La majorité étaient marocaines, bien que des Africains subsahariens aient également commencé à les rejoindre. À partir de 22h00 le 30 juillet et pendant toute la journée suivante, le profil correspond à nouveau à celui de la première vague.
Ainsi, dans le cadre de cette planification et de cette orientation stratégique du processus, le système espagnol de gestion des frontières s'est initialement effondré à un moment donné, utilisant les immigrants les mieux préparés, qui ont saturé la région d'El Tarajal.

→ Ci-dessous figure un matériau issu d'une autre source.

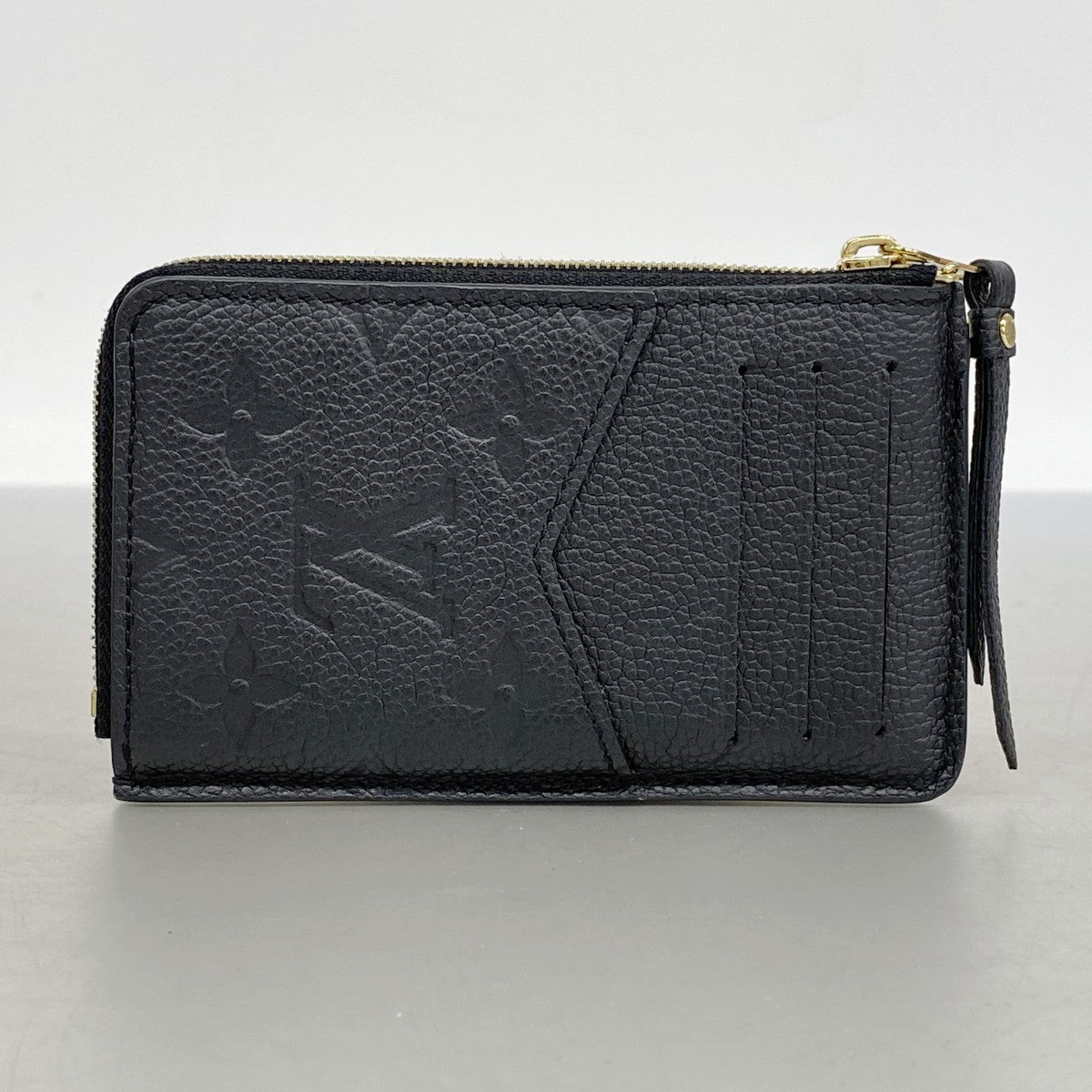 【6fa0587-k】ルイヴィトン コインケース モノグラム・アンプラント ポルトカルトレクトヴェルソ M28798 ノワール【中古】レディース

Et alors, la possibilité de contenir le flux migratoire aux frontières étant désormais compromise, la capacité de l'Espagne à répondre à l'arrivée de profils plus vulnérables est anéantie.
Le rapport souligne qu'une deuxième invasion, prévue pour le 15 août, a été totalement contrôlée par les Marocains, contrairement à ce qui s'est passé les 30 et 31 juillet.
Il est également rappelé qu'après l'invasion, des porte-parole officiels du Maroc ont rendu publiques leurs revendications territoriales sur les villes espagnoles de Ceuta et Melilla. Le CENIF considère également que ce qui s'est passé à Ceuta était une opération de contre-espionnage offensive classique, puisqu'elle a eu pour effet de remettre en question les services de renseignement, et en particulier le CNI, dans la détection préalable du processus.